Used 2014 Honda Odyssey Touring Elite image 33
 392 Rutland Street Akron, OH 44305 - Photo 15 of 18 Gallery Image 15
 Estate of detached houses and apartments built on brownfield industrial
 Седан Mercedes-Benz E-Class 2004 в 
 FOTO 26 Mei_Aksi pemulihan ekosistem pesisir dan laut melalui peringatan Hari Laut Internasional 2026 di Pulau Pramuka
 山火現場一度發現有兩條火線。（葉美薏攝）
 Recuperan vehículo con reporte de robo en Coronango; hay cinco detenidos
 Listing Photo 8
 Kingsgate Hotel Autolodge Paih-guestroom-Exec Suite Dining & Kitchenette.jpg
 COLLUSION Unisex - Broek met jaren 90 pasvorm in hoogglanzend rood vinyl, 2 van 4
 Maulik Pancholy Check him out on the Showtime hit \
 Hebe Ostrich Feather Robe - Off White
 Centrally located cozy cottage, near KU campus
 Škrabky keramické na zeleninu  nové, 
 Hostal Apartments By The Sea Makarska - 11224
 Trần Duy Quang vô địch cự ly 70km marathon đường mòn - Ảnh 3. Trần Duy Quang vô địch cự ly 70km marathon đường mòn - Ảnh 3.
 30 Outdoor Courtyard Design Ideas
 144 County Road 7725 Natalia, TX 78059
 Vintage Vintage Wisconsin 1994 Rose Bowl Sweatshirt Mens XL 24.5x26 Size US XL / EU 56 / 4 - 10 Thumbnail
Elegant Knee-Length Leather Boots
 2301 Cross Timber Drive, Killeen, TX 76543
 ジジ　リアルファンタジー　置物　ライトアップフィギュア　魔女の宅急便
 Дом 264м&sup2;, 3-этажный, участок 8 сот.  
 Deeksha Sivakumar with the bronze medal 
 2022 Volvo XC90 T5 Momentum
^^^^^^^^^^^^^^^^
Could you please retype the lines from the start of the data through the line with "Hostal Apartments By", both included, and nothing else?

Used 2014 Honda Odyssey Touring Elite image 33
 392 Rutland Street Akron, OH 44305 - Photo 15 of 18 Gallery Image 15
 Estate of detached houses and apartments built on brownfield industrial
 Седан Mercedes-Benz E-Class 2004 в 
 FOTO 26 Mei_Aksi pemulihan ekosistem pesisir dan laut melalui peringatan Hari Laut Internasional 2026 di Pulau Pramuka
 山火現場一度發現有兩條火線。（葉美薏攝）
 Recuperan vehículo con reporte de robo en Coronango; hay cinco detenidos
 Listing Photo 8
 Kingsgate Hotel Autolodge Paih-guestroom-Exec Suite Dining & Kitchenette.jpg
 COLLUSION Unisex - Broek met jaren 90 pasvorm in hoogglanzend rood vinyl, 2 van 4
 Maulik Pancholy Check him out on the Showtime hit \
 Hebe Ostrich Feather Robe - Off White
 Centrally located cozy cottage, near KU campus
 Škrabky keramické na zeleninu  nové, 
 Hostal Apartments By The Sea Makarska - 11224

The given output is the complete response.